A quick prayer stop in hard times
Standing in City Hall’s marble lobby, unemployed autoworker Rick Litwin and his wife, Maria, waited beneath the maroon vinyl banner of the public prayer station.
Rick, Bible in hand, greeted every passerby with the same question: “Do you need a prayer today?”
There weren’t a lot of takers, but Litwin figured that in a city with a nearly 17% unemployment rate, there could be no shortage of need.
“It’s sad to realize that people have to get so low before they find their faith,” said Litwin, 47. “And it’s sad to see how far we’ve fallen.”
Warren, which sprawls across the industrial landscape just north of Detroit, has one of the highest unemployment rates in the country. At least a third of its 138,000 residents rely on the foundering automotive industry for their livelihood.
And so since February, the Tabernacle church, a small Pentecostal parish of 200, has been running the prayer station at City Hall.
“We figured out pretty fast that people had lost faith in the auto industry, and lost faith in the state. But they still were reaching for something to believe in,” said Pastor Darius Walden.

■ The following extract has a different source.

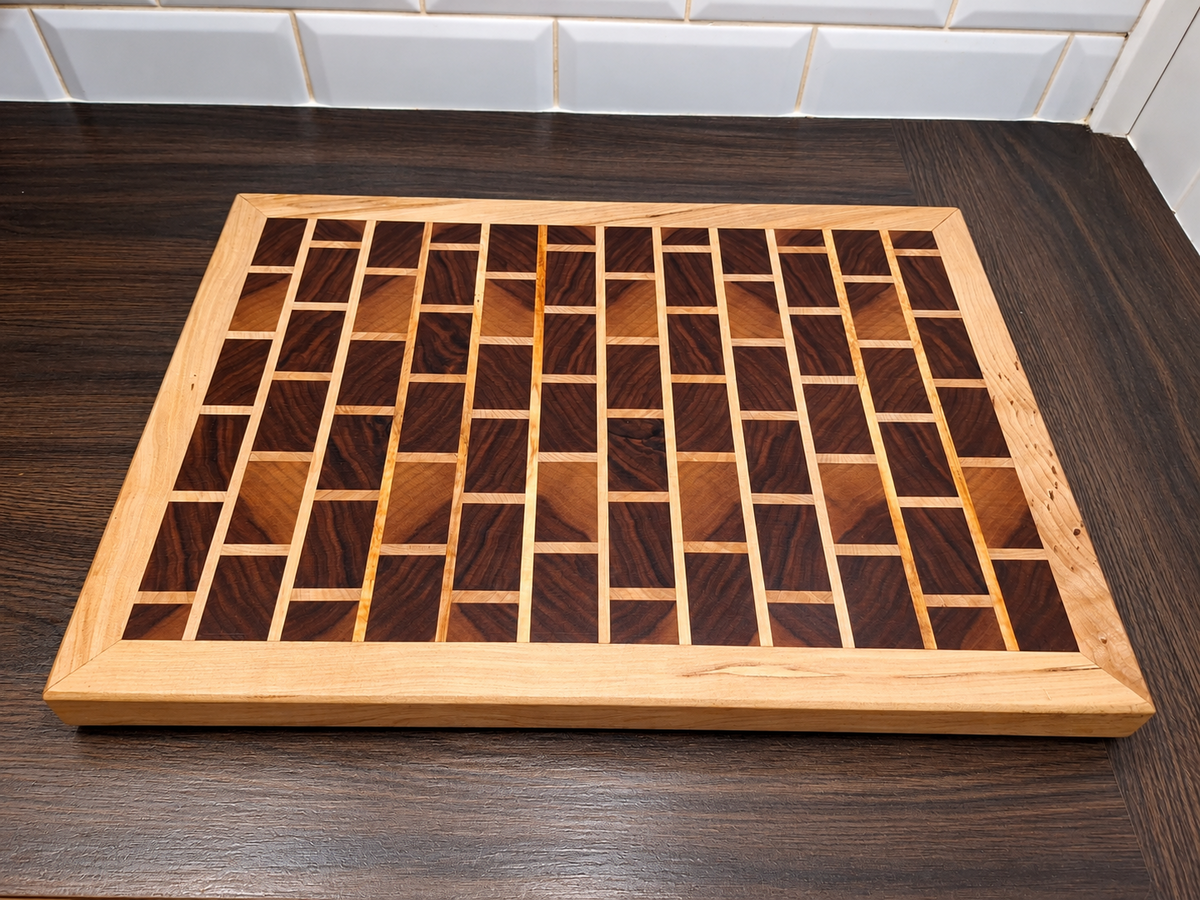 Walnut & Maple End Grain Chopping Board – Brickwork Design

With many of the city’s factories furloughed and shopping areas emptying out, City Hall seemed a perfect spot.
Warren’s main library branch is on the ground floor, behind a four-story wall of glass and an atrium crisscrossed with gunmetal-gray beams. Its computer lab is routinely full, with patrons applying for unemployment or filling out job applications. Parents and children crowd the stacks, searching for books and DVDs.
Three days a week, volunteers from the Tabernacle, such as the Litwins, and from several other parishes sit at a folding table and offer to pray with strangers. In the hubbub of City Hall, passersby have mistaken the prayer volunteers for protesters.

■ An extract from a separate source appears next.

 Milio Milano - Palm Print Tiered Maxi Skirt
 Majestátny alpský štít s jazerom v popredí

Time and again, people ask if they are breaking the law. (The American Civil Liberties Union in Michigan has no complaints: City policy allows any group, religious or not, to reserve lobby space.)
Others mistake the station for City Hall’s information desk. “Do you guys know where the restroom is?” a mother asked on a recent morning, shouting over her toddler’s temper tantrum.
Maria Litwin pointed. “Down there, on the left.”
And then there are those who want to pray. These days, the station volunteers average 125 prayers a week.
Word of the prayer station has spread as the City Hall crowds have grown. The manager of a 7-Eleven wants a station set up next to his soda machines. So does the owner of a ConocoPhillips gas station.
After nearly five months, the Litwins remember a blur of faces and first names: Daniel was looking for a job after the death of his wife. Dave needed guidance after losing his factory job. Roxanne, a housecleaner, skipped meals to pay the bills and buy clothes for her children.
“Their stories put our own lives into perspective,” said Maria Litwin, 45.
Rick Litwin had worked at the Chrysler truck plant, assembling motors and doors on Dodge Dakotas. Maria came from a Chrysler family. She runs a small beauty salon out of their home, raising their three children and her autistic 14-year-old brother.
“Rick lost his job and everything changed,” Maria said.
So when Claire Martin walked out of the library with a stack of books about how to file for bankruptcy, the Litwins could relate.
“All four of my kids are in trouble,” said Martin, 74. “They’re in construction at GM. One calls one day, another the next. I’m exhausted.”
“Would you like to pray? Or have us pray for you?” Rick asked.
Martin hadn’t been to church in ages. She shrugged and said, “It can’t hurt.”
The Litwins stepped around the table and took Martin’s hands.
A few feet away, city maintenance workers began scrubbing the floor. Steam hissed, drowning out Rick’s voice.